Stored dataset items:
§

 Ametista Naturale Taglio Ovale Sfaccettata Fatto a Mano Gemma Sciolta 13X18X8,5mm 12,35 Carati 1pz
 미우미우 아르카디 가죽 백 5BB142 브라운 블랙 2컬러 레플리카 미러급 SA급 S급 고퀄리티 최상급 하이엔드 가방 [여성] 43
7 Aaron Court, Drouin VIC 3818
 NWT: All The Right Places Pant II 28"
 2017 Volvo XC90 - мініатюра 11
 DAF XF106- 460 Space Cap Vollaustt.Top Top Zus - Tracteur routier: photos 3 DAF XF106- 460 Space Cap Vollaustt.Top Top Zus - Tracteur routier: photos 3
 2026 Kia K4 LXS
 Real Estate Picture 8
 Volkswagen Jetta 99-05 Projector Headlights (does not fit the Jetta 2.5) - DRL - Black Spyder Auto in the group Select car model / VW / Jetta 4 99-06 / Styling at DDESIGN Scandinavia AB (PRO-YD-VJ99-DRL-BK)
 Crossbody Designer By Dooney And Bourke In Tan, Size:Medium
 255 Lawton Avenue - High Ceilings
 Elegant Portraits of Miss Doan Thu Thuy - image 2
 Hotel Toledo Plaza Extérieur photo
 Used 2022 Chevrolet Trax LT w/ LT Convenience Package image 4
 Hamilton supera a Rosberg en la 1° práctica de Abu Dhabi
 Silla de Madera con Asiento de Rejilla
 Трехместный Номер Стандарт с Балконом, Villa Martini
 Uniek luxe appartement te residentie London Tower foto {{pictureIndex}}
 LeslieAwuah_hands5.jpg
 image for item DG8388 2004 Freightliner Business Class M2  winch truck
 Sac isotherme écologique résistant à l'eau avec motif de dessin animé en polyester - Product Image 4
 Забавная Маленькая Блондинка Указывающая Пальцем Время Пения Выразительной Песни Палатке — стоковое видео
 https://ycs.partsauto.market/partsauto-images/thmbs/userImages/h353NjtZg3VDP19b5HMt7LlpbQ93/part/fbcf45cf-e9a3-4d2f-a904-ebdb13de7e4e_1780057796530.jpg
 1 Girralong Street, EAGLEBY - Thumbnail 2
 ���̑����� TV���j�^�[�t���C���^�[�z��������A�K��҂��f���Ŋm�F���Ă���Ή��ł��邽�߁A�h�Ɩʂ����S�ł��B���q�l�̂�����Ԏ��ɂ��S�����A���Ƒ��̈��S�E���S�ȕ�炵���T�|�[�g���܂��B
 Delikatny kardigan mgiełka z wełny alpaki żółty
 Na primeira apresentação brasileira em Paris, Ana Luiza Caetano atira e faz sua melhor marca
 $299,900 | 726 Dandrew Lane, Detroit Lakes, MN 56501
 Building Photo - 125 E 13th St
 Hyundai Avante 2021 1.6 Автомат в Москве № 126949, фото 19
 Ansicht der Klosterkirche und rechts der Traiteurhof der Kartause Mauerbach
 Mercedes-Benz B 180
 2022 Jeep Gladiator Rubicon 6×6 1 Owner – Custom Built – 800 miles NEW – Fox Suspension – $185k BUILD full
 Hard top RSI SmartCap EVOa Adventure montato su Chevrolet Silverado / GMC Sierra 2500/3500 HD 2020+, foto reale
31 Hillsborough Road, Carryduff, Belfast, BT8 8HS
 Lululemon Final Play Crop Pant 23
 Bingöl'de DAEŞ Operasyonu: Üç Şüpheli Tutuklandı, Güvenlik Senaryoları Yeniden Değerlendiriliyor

§

WHAT IS BEING ASKED:
Write out word for word only the lines from the start of the entries down to the line with "2017 Volvo XC90 - мініатюра 11", please, including both ends.

TASK OUTPUT:
 Ametista Naturale Taglio Ovale Sfaccettata Fatto a Mano Gemma Sciolta 13X18X8,5mm 12,35 Carati 1pz
 미우미우 아르카디 가죽 백 5BB142 브라운 블랙 2컬러 레플리카 미러급 SA급 S급 고퀄리티 최상급 하이엔드 가방 [여성] 43
7 Aaron Court, Drouin VIC 3818
 NWT: All The Right Places Pant II 28"
 2017 Volvo XC90 - мініатюра 11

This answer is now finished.